Quels sont les problèmes de ces paires de lunettes ?
Selon les professionnels, ces lunettes à bas prix entrainent souvent une fatigue à cause d'une vision non parfaite et non rectifiée. Pour le docteur ophtalmologue de Diego Suarez que nous avons interrogé, ces lunettes englobent le problème de céphalée (maux de tête) qui n'a aucune conséquence au niveau de la rétine. Le choix des lunettes se fait après un essayage rapide et approximatif dans la rue ou dans un magasin de la ville. « Ainsi la vision monoculaire n'est pas prise en compte selon notre opticien. Si les deux yeux ont une vision à peu près correcte, ils prennent la paire. Mais il se peut qu'un œil soit plus ou moins bien corrigé. Dans l'ensemble cela donne une vision plus ou moins parfaite. Les verres sont avec un écart pupillaire d'une autre personne, la hauteur du centre optique adapté à une autre personne. Voilà le problème qui peut se poser… ».
D'autre part, toujours selon ces professionnels de la vue, les habitants de Diego Suarez ne se rendent pas compte qu'ils ne voient pas de loin.

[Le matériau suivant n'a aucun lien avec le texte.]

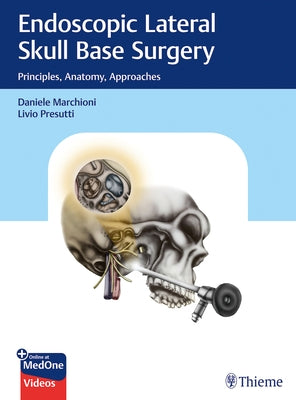 Endoscopic Lateral Skull Base Surgery: Principles, Anatomy, Approaches by Marchioni, Daniele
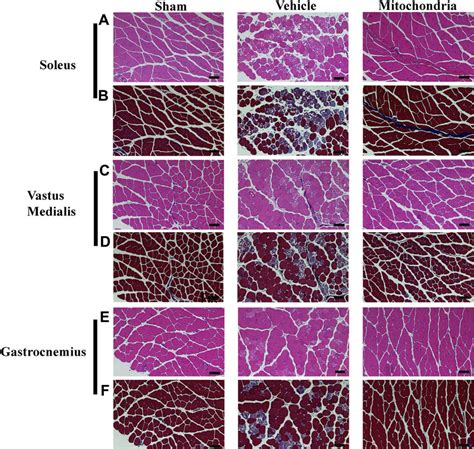 Representative Images Of Hematoxylin And Eosin H E Staining Of Soleus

Pour le travail, pour l'écriture, ils prennent souvent des « lunettes loupes » qui ne corrigent en rien la vision de loin. L'option des deux paires de « lunettes à l'ancienne » (une pour la vision de loin et l'autre pour la vision de prés) est la solution couramment adoptée.
La lunette :une « position sociale »
D'après notre ophtalmologue, il est intéressant de comprendre la perception qu'ont les malgaches vis à vis des lunettes. D'une manière générale, « les malgaches n'aiment pas que les enfants portent des lunettes. Ils ne consultent pas tant que l'enfant ne se plaint pas de maux de tête. Si l'on porte des lunettes, on est aveugle, on est malade. C'est une position sociale. Autrement dit, si un enfant porte des lunettes, c'est quelque chose de tragique. Ils pensent que les lunettes vont aggraver la maladie ».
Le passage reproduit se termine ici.